Senado aprova projeto de Confúcio Moura que reforça estabilidade para gestante em emprego temporário

Senado aprova projeto de Confúcio Moura que reforça estabilidade para gestante em emprego temporário

A Comissão de Assuntos Sociais (CAS) do Senado Federal aprovou, nesta terça-feira (1), o Projeto de Lei nº 3.522/2025, do senador Confúcio Moura (MDB-RO) que reforça o direito de mulheres grávidas em empregos provisórios terem estabilidade no trabalho do momento em que confirmarem a gestação até o quinto mês após o parto.

Aprovado na forma de um substitutivo da relatora, senadora Jussara Lima (PSD-PI), o PL segue para a Câmara dos Deputados.

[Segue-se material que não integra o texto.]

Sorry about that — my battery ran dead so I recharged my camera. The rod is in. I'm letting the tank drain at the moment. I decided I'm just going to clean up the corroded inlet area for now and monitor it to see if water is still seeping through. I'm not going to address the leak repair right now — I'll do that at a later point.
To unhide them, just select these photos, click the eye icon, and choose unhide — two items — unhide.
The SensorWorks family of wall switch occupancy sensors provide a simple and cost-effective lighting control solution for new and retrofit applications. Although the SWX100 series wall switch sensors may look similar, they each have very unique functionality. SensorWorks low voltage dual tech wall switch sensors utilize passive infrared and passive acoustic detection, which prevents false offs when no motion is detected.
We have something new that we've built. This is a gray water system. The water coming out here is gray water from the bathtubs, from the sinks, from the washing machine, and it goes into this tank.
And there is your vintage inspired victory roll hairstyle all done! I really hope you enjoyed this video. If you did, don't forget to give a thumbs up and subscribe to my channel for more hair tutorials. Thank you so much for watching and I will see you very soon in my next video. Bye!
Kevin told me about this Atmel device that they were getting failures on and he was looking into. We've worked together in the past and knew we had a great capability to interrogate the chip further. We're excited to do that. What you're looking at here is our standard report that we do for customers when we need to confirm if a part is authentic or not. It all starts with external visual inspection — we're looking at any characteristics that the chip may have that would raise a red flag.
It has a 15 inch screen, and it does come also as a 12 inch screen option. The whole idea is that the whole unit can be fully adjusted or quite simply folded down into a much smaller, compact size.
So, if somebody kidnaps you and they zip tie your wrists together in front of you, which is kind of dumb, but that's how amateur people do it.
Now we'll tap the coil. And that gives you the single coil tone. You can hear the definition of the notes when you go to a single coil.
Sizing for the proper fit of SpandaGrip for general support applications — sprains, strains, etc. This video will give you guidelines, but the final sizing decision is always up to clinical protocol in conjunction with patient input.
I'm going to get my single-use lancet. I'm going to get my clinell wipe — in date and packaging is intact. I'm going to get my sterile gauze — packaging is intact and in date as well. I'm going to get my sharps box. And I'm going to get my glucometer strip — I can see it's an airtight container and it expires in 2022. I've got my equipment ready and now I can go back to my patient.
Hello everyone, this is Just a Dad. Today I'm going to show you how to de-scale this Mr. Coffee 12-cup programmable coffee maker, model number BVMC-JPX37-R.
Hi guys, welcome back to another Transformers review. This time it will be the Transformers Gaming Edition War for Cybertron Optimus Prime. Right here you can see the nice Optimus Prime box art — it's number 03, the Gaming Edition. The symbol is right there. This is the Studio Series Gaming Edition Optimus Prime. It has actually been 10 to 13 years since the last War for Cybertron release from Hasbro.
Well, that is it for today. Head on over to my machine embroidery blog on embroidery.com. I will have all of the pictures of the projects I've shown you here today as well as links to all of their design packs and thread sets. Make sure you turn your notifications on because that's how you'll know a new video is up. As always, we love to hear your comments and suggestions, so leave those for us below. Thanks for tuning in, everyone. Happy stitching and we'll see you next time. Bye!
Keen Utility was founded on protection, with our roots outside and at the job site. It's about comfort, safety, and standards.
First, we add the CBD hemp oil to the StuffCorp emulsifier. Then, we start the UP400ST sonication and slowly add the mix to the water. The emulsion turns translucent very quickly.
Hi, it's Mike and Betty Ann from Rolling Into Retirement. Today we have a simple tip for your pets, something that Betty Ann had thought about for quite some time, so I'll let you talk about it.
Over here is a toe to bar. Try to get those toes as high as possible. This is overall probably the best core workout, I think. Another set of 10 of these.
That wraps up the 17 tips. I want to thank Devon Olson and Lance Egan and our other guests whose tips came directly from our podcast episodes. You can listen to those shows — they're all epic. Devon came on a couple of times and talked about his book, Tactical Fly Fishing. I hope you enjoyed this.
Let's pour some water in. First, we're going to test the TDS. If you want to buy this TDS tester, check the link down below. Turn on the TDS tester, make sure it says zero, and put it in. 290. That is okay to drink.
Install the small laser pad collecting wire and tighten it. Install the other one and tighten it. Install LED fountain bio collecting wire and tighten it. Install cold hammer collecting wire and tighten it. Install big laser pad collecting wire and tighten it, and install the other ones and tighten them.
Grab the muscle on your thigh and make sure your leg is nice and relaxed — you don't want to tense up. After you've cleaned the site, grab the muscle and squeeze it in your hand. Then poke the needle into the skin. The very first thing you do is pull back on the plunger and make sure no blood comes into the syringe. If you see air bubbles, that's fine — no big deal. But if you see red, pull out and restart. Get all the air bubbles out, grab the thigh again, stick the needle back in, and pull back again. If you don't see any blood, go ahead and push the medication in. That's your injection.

O projeto busca fortalecer a proteção à maternidade ao corrigir lacunas da legislação atual, que muitas vezes obrigam gestantes a recorrer à Justiça para garantir direitos básicos. A iniciativa, segundo Confúcio Moura, consolida essas garantias na Consolidação das Leis do Trabalho (CLT), alinhando-as a práticas já adotadas pelo Instituto Nacional do Seguro Social (INSS).

Segundo Confúcio Moura, a medida pretende oferecer mais segurança tanto para trabalhadoras quanto para empregadores. “Queremos proteger a maternidade de forma ampla, assegurando estabilidade e previsibilidade nas relações de trabalho”, afirmou.

Atualmente, os casos de estabilidade provisória a essas trabalhadoras se baseiam em decisões do Supremo Tribunal Federal (STF) e o Tribunal Superior do Trabalho (TST).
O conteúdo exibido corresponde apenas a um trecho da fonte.